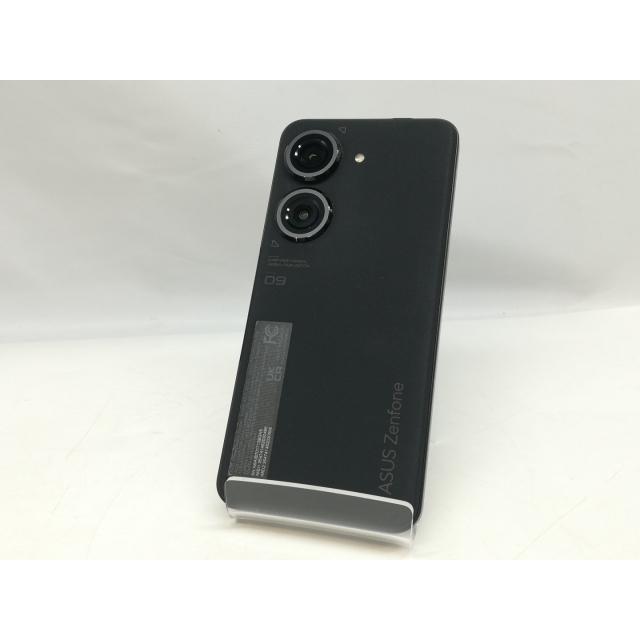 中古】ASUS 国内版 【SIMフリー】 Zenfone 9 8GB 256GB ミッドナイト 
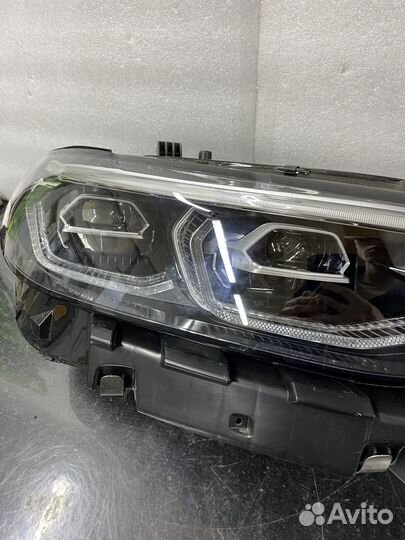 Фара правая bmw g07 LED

++++++++++++++++++++

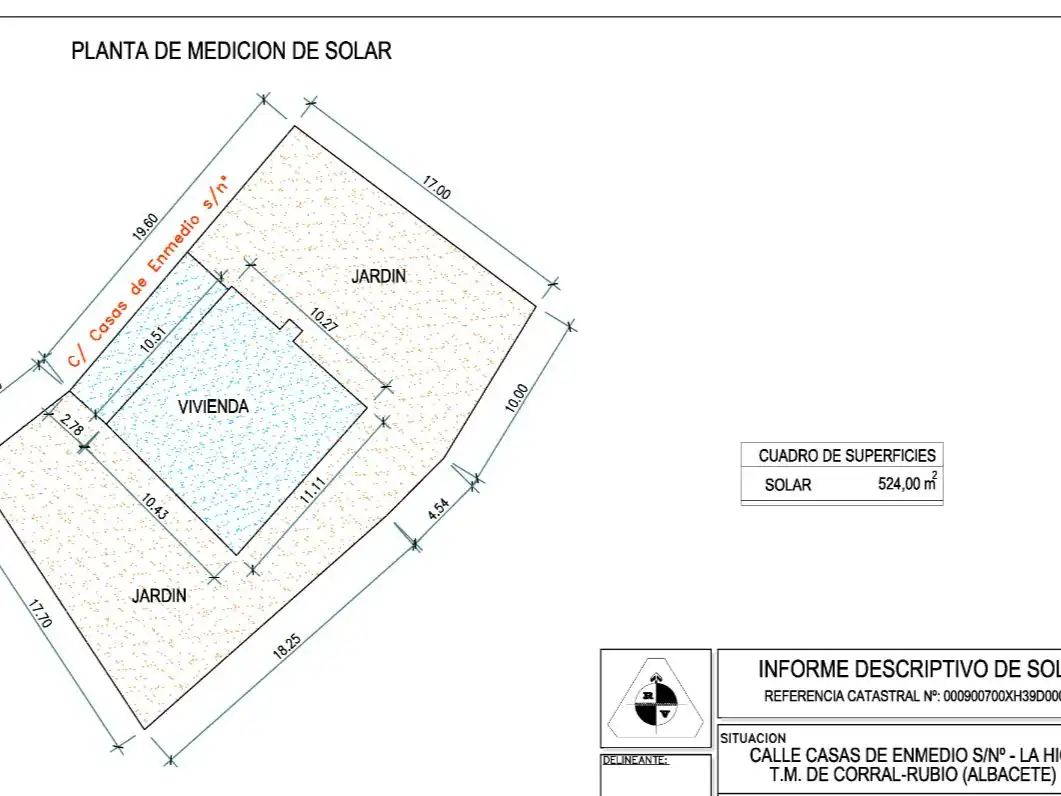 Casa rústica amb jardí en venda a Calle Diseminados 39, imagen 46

++++++++++++++++++++

### TO DO
When you reach the line with "中古】ASUS 国内版 【SIMフリー】" in the records above, start writing out each line exactly, and stop after the line with "Фара правая bmw g07 LED". Pictures stay out.

### ANSWER SPACE
 中古】ASUS 国内版 【SIMフリー】 Zenfone 9 8GB 256GB ミッドナイト 
 Фара правая bmw g07 LED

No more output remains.